How to Buy Foreclosed Condos

Determine your financing before viewing foreclosed condos.

Determine your financing before viewing foreclosed condos.

Homebuyers eager to score a deal on a condo often flock to distress sales, such as foreclosures. A bank may repossess a condo when the homeowner defaults on the mortgage. The bank then sells the foreclosure to recoup losses, often resulting in savings to the buyer. Buying a foreclosed condo has potential pitfalls, though, including stringent financing requirements and poor property or condo association conditions. Research and inspect the condo before you take the plunge.

Get Pre-Approved

The first step to buying is getting pre-approved for a loan. You and the condo association must meet the lender's guidelines. Lenders want fiscally sound condo developments with high concentrations of owner-occupants and low delinquency rates. You can't control which condo complex qualifies for financing, but you can tailor your search according to your lender's requirements. For example, you can search for condos priced below your maximum sale price that have Fannie Mae or Federal Housing Administration approval, if you're using an FHA loan. Condo projects that don't meet FHA or Fannie Mae rules are known as "nonwarrantable" and aren't available to financed buyers.

Pick a Professional

You generally have two options for finding and negotiating foreclosed condos: use the bank's agent or hire your own. The listing agent who works directly for the bank that owns the condo can represent you, too. By going directly to the bank's agent, also known as the listing agent, the bank forgoes paying a buyer's agent commission, which can improve its bottom line. You may not get as much attention or hand holding as you might from a listing agent, though. When hiring a buyer's agent to represent you, interview at least two who have experience in foreclosure negotiations and condo sales. A good buyer's agent combs through listings for you and shows you only those properties that fit your criteria.

Write the Offer

There's no rule that dictates the bank's bottom line or what price it can accept. Recent sale prices of comparable condos generally dictate price. The discount on foreclosed homes is about 7 percent off of comparable listings, according to interest.com. When writing your offer, be aware that savings diminish as foreclosures sales slow and condo demand increases.

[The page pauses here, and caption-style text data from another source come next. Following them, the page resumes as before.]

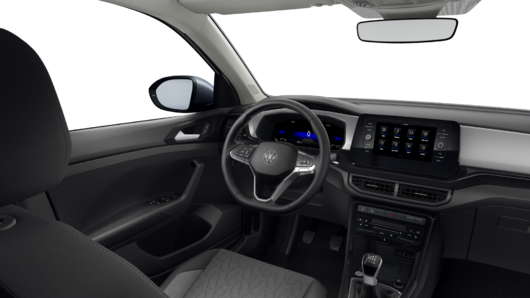 T-Cross Prime 1.0 TSI képe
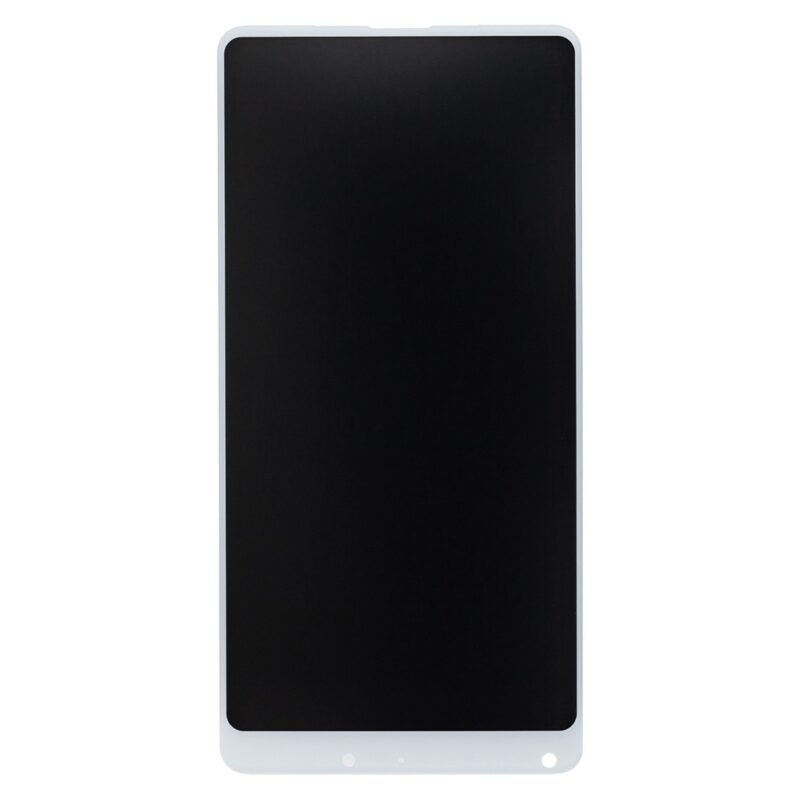 Écran LCD + Tactile Xiaomi Mi Mix 2S (M1803D5XA) - Blanc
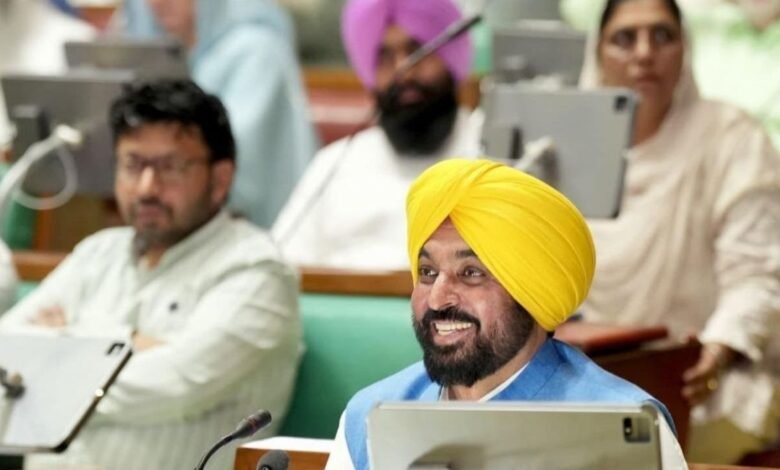 पंजाब विधानसभा में मजदूरों के लिए सर्वसम्मति से पारित हुआ बड़ा आर्थिक फैसला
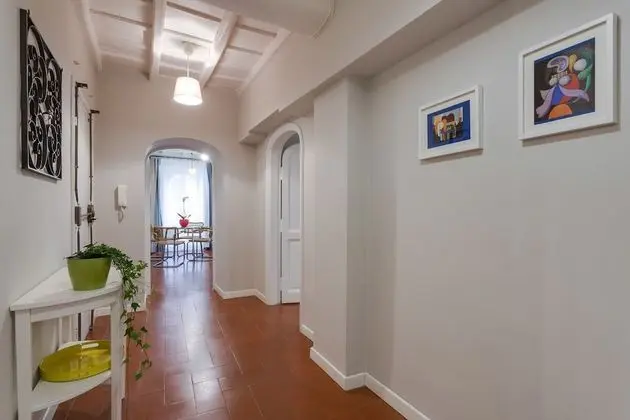 Apart Daire, 1 Yatak Odası, Mutfak (Via di Grotta Pinta, 10 - Int. 1)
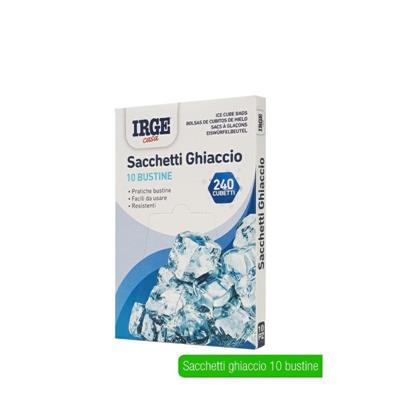 SACCHETTO FORMAGHIACCIO 240 PZ CONF. 10 BUSTE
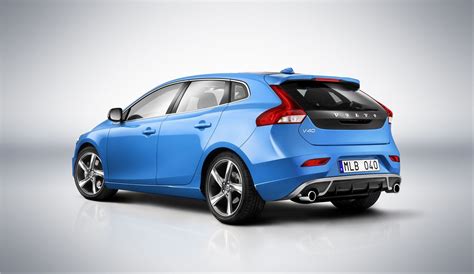 Volvo V40 R-Design by Volvo Polestar Black R|Volvo car pictures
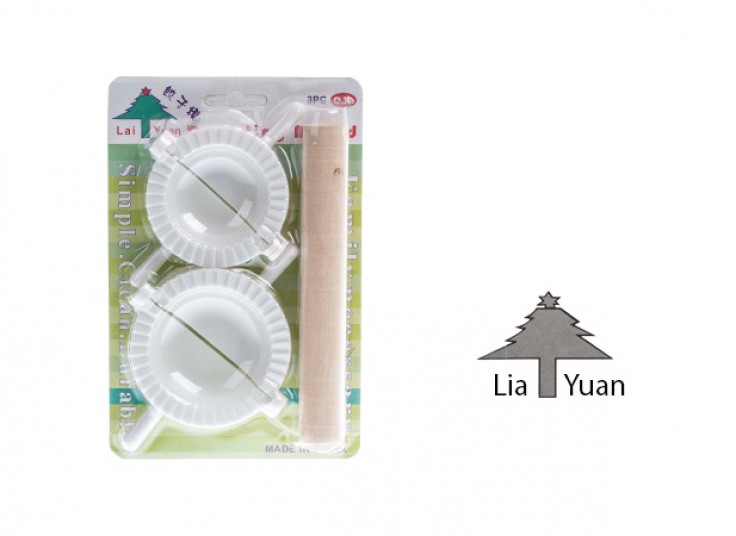 ست قالب پیراشکی Lai Yuan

Banks may price homes below market value to attract multiple offers and create a bidding war. Banks may also overprice condos, so consider making a lower offer. Base your offer on market conditions, how quickly condos in the area sell and the sale price of closed deals. Limit seller concessions, conditions or contingencies that dig into the bank's bottom line as much as possible to make your offer more attractive.

Due Diligence

To gain approval for your loan, the condo association needs to document that it has adequate insurance, a healthy budget and reserves, no litigation and no anticipated assessment hikes. You can order this paperwork from the association -- usually for a fee -- immediately upon offer acceptance. Foreclosed former owners typically can't properly maintain or afford to fix a condo, so homes often require repairs. They are usually sold as is, meaning the bank won't repair defects or lower its price. Hire a home inspector and tradespeople to assess the extent of damage from termites, leaks and mold before moving forward with a deal. Conduct all due diligence inspections within the first few days of the transaction. Once inspection deadlines expire -- usually two to three weeks after acceptance -- you usually waive the right to ask for repairs or renegotiate if you decide to move forward. This limited time frame is known as a contingency period. You typically face a penalty, such as loss of your deposit, if you back out after the contingency period.